Prompt ->
Leave the pictures out, and transcribe the material below exactly from the line with "A woman wearing" to the line with "a bathroom with", both lines included.

Dataset records ->
───

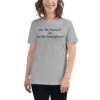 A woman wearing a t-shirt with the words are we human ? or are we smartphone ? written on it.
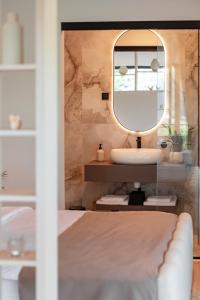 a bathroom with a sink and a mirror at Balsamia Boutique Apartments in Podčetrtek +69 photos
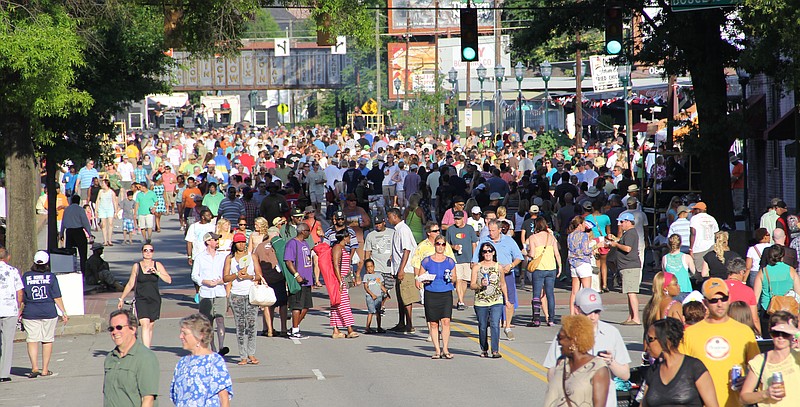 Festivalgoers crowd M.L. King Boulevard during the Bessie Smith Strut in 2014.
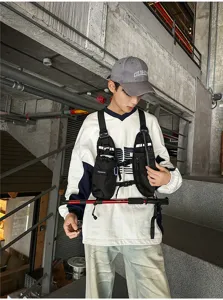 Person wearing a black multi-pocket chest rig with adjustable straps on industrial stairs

───

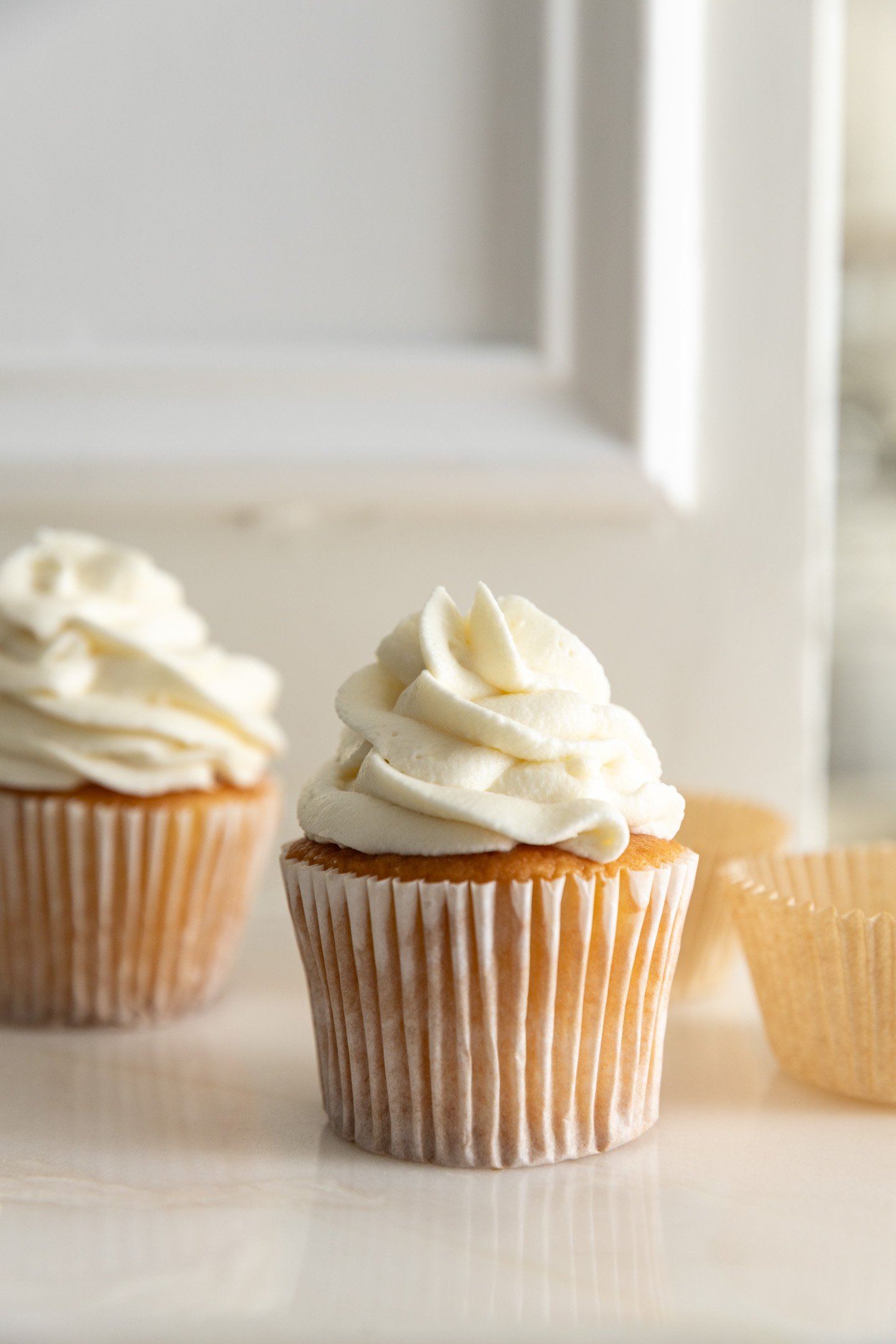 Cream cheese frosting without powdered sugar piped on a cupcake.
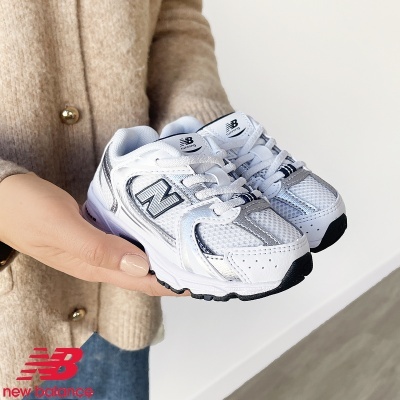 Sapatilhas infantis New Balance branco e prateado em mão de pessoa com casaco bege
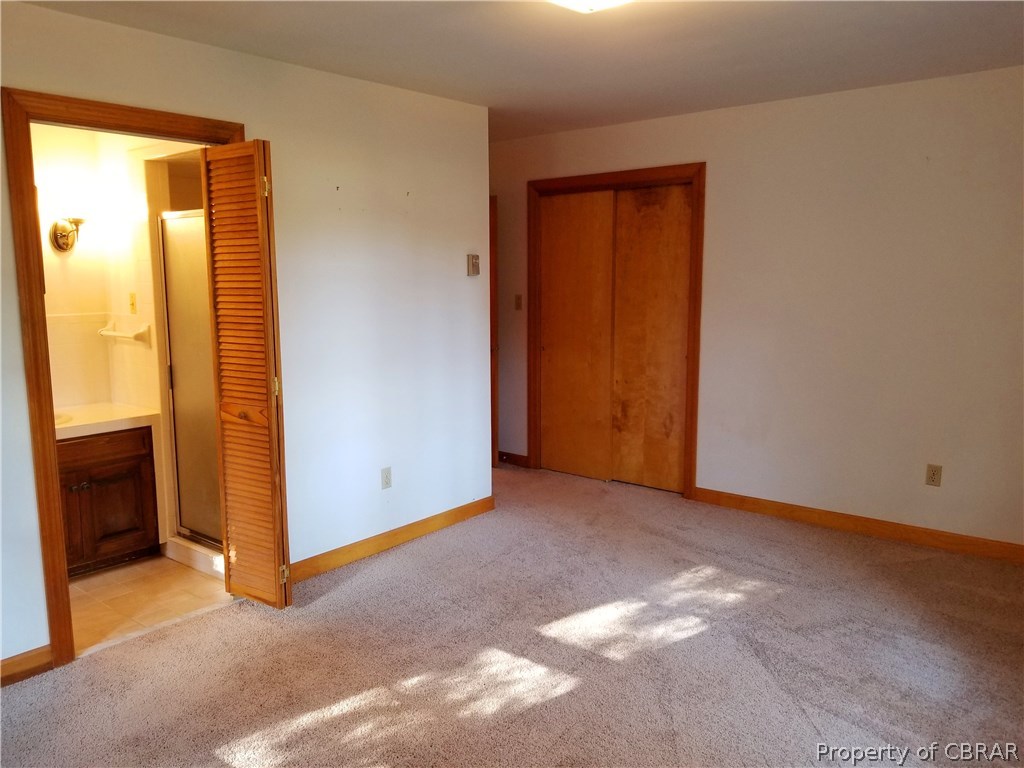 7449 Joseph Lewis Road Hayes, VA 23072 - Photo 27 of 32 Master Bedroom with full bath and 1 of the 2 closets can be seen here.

───

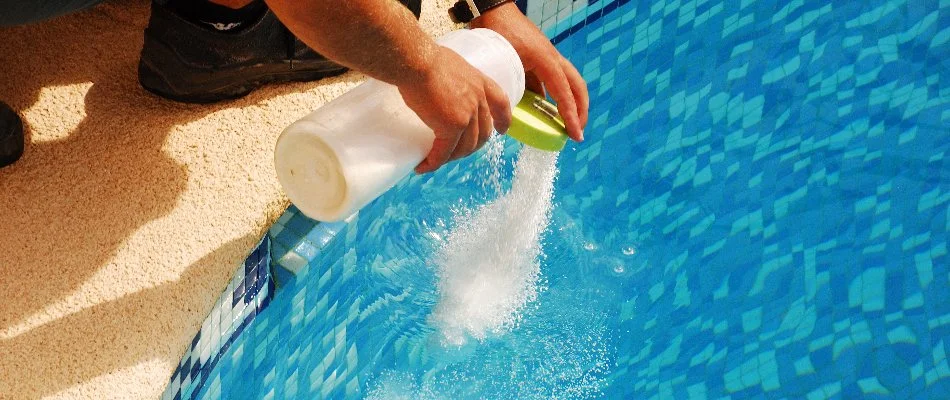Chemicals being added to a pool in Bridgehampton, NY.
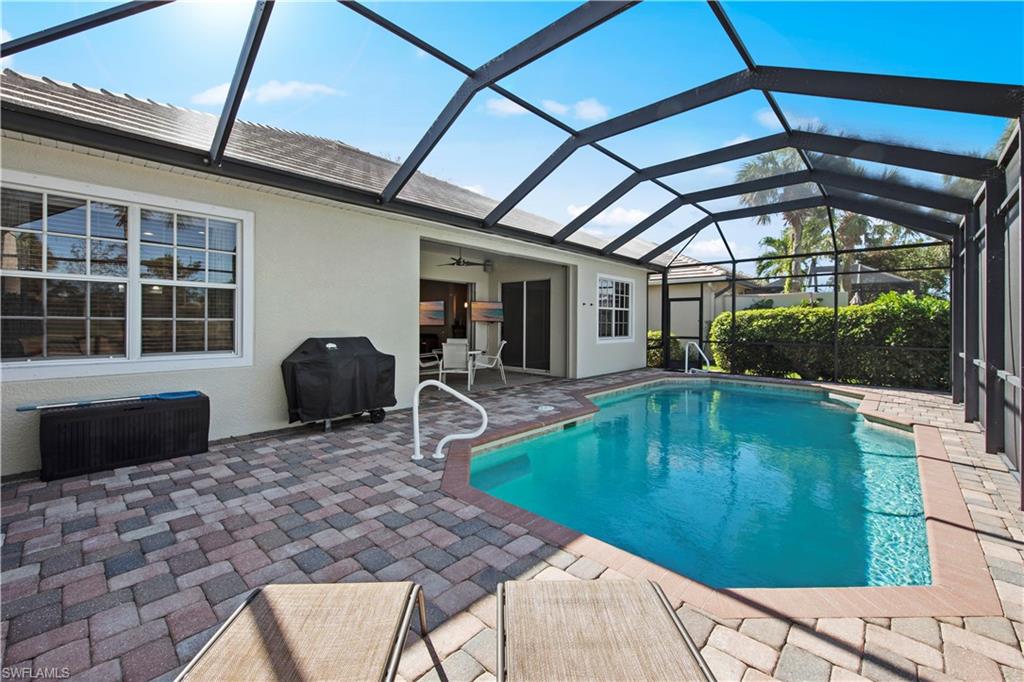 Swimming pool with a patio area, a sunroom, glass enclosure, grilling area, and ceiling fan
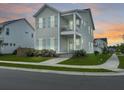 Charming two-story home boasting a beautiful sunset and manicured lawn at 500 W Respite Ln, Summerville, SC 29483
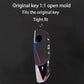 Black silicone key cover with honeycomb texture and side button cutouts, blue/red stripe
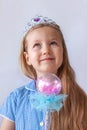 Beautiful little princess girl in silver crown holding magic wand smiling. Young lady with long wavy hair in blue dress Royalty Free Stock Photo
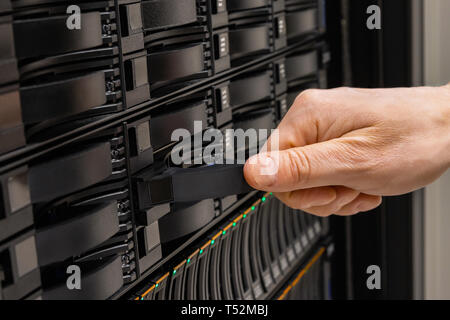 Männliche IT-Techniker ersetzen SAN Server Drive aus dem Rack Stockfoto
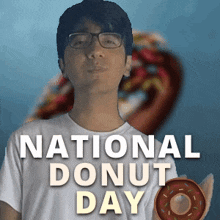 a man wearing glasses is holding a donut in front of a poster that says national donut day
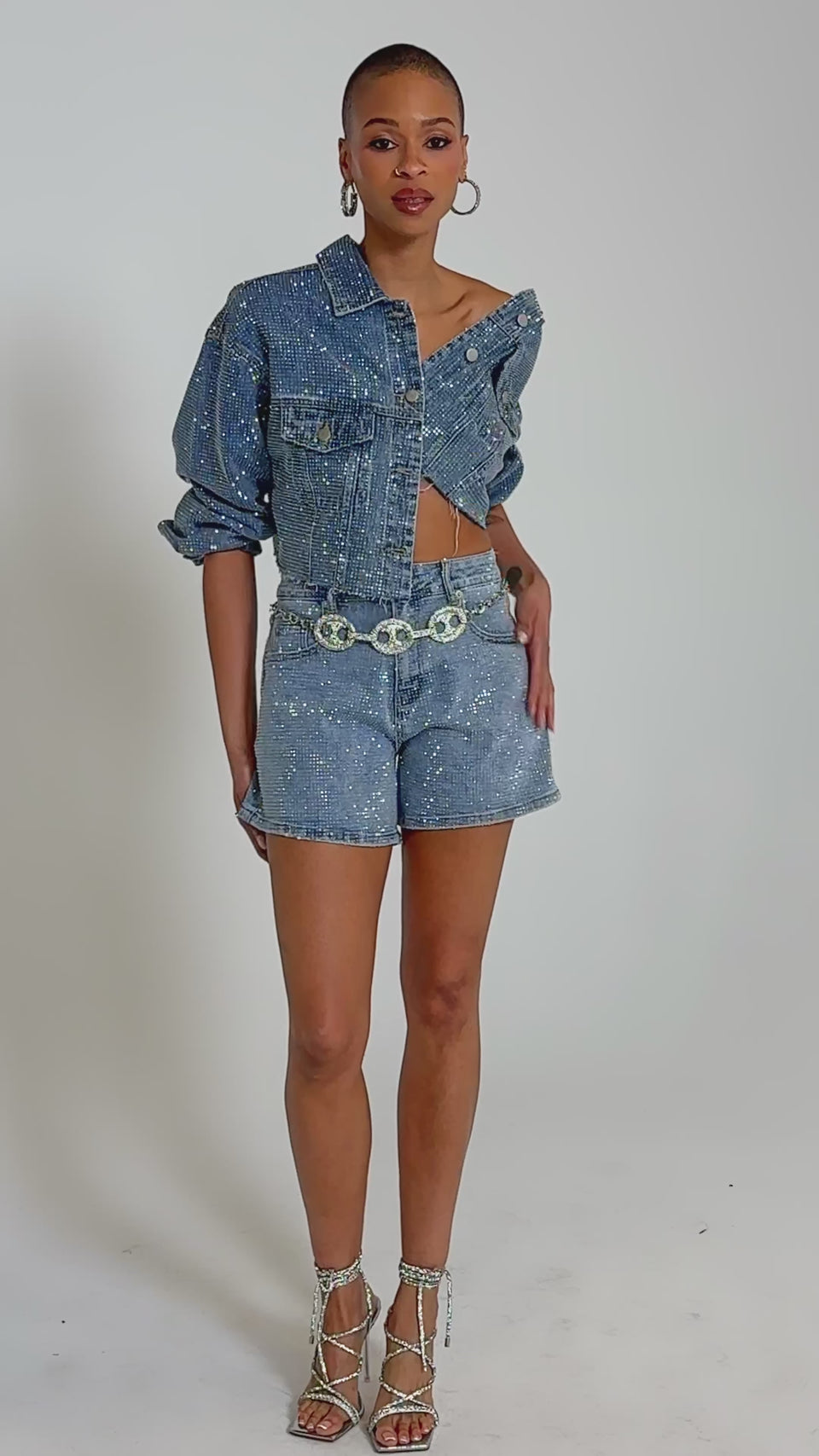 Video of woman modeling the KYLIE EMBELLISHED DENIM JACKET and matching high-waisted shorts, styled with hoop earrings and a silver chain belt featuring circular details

───

Exercise answer ->
 A woman wearing a t-shirt with the words are we human ? or are we smartphone ? written on it.
 a bathroom with a sink and a mirror at Balsamia Boutique Apartments in Podčetrtek +69 photos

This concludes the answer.